The Apple iWork office productivity suite for the Mac has been around for ages, and was recently joined by an iOS version. iWork documents have, up until now, been seen as being pretty safe courtesy of the particular implementation of the 128-bit AES encryption Apple used to secure them. I say up until now as it appears that iWork passwords have been pretty comprehensively broken thanks to the latest in a long line of 'password recovery' applications from Russian outfit Elcomsoft.
Of course, truth be told, it has been possible to brute force these iWork document passwords before now but the problem has been one of the resources vs. reward ratio: for the most part it would take too long, or require too much effort, to crack the passwords of random documents on the off chance they contained something of value to the bad guys. That could have all changed now that Elcomsoft has released a version of its Distributed Password Recovery tool that supports the 'recovery' of iWorks passwords on both platforms and across the Numbers, Pages and Keynote applications.
Elcomsoft CTO Andy Malyshev says that as Apple iWork is sold at consumer market price points it is less likely that the average user will have a security policy that enforces a long and complex password, making the distributed attack methodology and its 500 attempts per second barrier worthwhile.

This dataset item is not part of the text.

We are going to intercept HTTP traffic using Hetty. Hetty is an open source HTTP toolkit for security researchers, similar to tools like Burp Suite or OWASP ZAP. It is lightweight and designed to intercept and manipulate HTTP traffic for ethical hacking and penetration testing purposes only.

What's more he states that they are "likely to re-use their passwords, with little or no variation, in various places: their instant messenger accounts, Web and email accounts, social networks and other places from which a password can be easily retrieved".
Which is why it is worrying to learn that Elcomsoft has released this product to 'recover' iWork passwords using advanced dictionary attack methodology which is capable of cracking a significant number of simple passwords in a relatively short period.

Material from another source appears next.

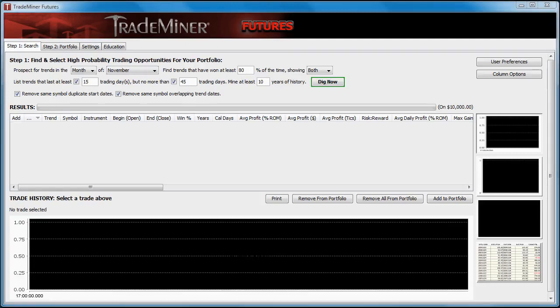In this TradeMiner video, I want to introduce you to the three versions of TradeMiner: the Stocks version, the Futures version, and the Forex version.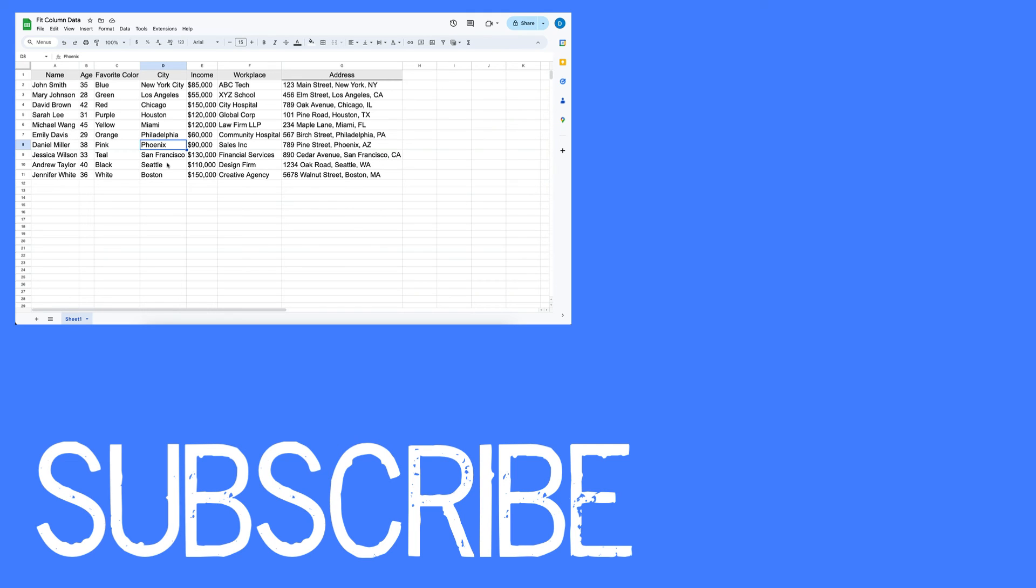If you found this video helpful, please click that like button and subscribe to this channel to view more helpful tips in the future. Also, please be sure to visit my website at therabbitpad.com.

Sure, there is genuine use for such forensic recovery tools within the law enforcement industry, but as anyone with the money can invest in the software and then get relatively simple access to Microsoft Office documents, Adobe PDF, PGP disks and archives, personal security certificates and exchange keys, MD5 hashes and Oracle passwords, Windows and UNIX login and domain passwords and now Apple iWorks as well is, well, of some concern at the very least.